====== AVAILABLE DATA

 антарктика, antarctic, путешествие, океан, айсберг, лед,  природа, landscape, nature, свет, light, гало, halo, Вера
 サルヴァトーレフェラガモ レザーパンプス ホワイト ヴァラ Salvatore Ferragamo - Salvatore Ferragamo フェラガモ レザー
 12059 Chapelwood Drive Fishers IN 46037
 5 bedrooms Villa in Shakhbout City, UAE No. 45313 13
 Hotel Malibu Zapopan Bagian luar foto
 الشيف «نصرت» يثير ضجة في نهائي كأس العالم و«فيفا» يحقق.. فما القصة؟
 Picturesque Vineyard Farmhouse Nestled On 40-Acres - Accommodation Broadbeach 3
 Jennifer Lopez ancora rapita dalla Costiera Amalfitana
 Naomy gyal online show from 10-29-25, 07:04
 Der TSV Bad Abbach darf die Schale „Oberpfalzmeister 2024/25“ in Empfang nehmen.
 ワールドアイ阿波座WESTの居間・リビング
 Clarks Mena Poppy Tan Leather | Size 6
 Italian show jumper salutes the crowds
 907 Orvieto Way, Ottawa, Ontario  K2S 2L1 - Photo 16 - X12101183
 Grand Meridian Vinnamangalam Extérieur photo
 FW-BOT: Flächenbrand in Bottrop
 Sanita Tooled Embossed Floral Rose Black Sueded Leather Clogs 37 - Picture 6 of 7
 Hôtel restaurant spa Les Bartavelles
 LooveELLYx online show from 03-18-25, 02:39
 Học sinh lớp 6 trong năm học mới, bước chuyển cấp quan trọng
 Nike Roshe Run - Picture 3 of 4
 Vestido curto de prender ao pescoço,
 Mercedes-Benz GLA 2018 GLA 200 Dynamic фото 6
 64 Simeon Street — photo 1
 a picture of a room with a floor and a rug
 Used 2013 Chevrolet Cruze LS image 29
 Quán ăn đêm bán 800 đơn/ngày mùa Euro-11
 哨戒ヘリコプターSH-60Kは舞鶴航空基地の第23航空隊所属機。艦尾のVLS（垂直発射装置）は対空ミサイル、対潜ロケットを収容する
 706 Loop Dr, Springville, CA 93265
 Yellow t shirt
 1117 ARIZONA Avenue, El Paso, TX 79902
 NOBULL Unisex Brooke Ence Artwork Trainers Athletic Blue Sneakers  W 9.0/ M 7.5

============

For the word "Leather", show every line of the entries that holds it.

### FINISHED TASK:
 Clarks Mena Poppy Tan Leather | Size 6
 Sanita Tooled Embossed Floral Rose Black Sueded Leather Clogs 37 - Picture 6 of 7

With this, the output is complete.